Designing and optimizing Golissimo, our tool for building generic Kafka pipelines

At Contentsquare, we receive billions of events every day from our customer’s websites and native apps. These events are fed into our real-time data pipeline to be processed, aggregated and ultimately queried by our user-facing product lines.

This global pipeline is built on top of Apache Kafka which provides a fault-resilient, horizontally scalable buffering mechanism between our services, spanning multiple public clouds and regions.

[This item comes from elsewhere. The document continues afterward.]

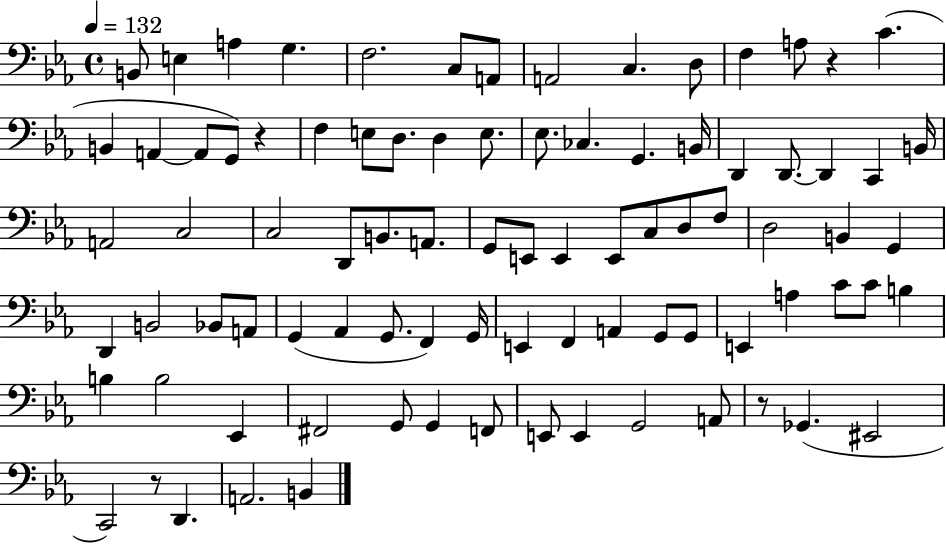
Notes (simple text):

Over time, throughout outages and regular operations like customer migrations, we found we had a recurring need to route and transform messages in an easily configurable way. Specifically, we wanted to be able to:

  • Filter and copy messages from one Kafka topic to another, potentially between different regions, with filtering based on dynamic state accessible from internal APIs.
  • Re-route messages arriving in a region which is not their target processing/storage region initially defined by each customer (we use TCP geo-routing for incoming connections).
  • Replicate some of our data on multiple regions and environments.
  • Benchmark and load-test our services and Kafka instances with production-like data.
  • Minimize network traffic by mutualizing Kafka readers, where possible.

To answer these needs, we built an internal service called Golissimo (Colissimo is a popular parcel delivery service in France). Its main mission is to distribute a graph of Kafka message pipelines on multiple clouds, environments and regions.

This article will focus on its design and explain some of the insights we discovered while writing and optimizing its next major version.

Humble beginnings

The first version of Golissimo was actually one of the first Go programs we pushed to production, at a time when our infrastructure was much smaller in terms of scale and complexity. Back then, it didn’t make much sense to invest in generic data pipelines or operational efficiency.

As we grew, we started to face some issues:

  • A single instance of Golissimo could only handle one data stream, which became inefficient both in CI and at runtime as we reached 30+ different deployments.
  • Monitoring was difficult because we had one dedicated dashboard per deployment.
  • We couldn’t use dynamic data for message filtering, so we had to manually reconfigure and redeploy frequently.
  • We were using Kafka’s consumer auto-commit mode, which could lead to message loss in hard shutdowns.

Overall, we lacked the configurability, modularity and scalability required to operate an ever-growing number of pipelines in production.

Designing Golissimo v2

Engineering principles

We wanted our next major version to be a modern, cloud-native Go program: it should be Kubernetes-friendly and facilitate operations for our engineers through a single standalone binary. Luckily, Golissimo’s workload is mostly stateless because its data sources are Kafka topics and it doesn’t perform aggregations itself.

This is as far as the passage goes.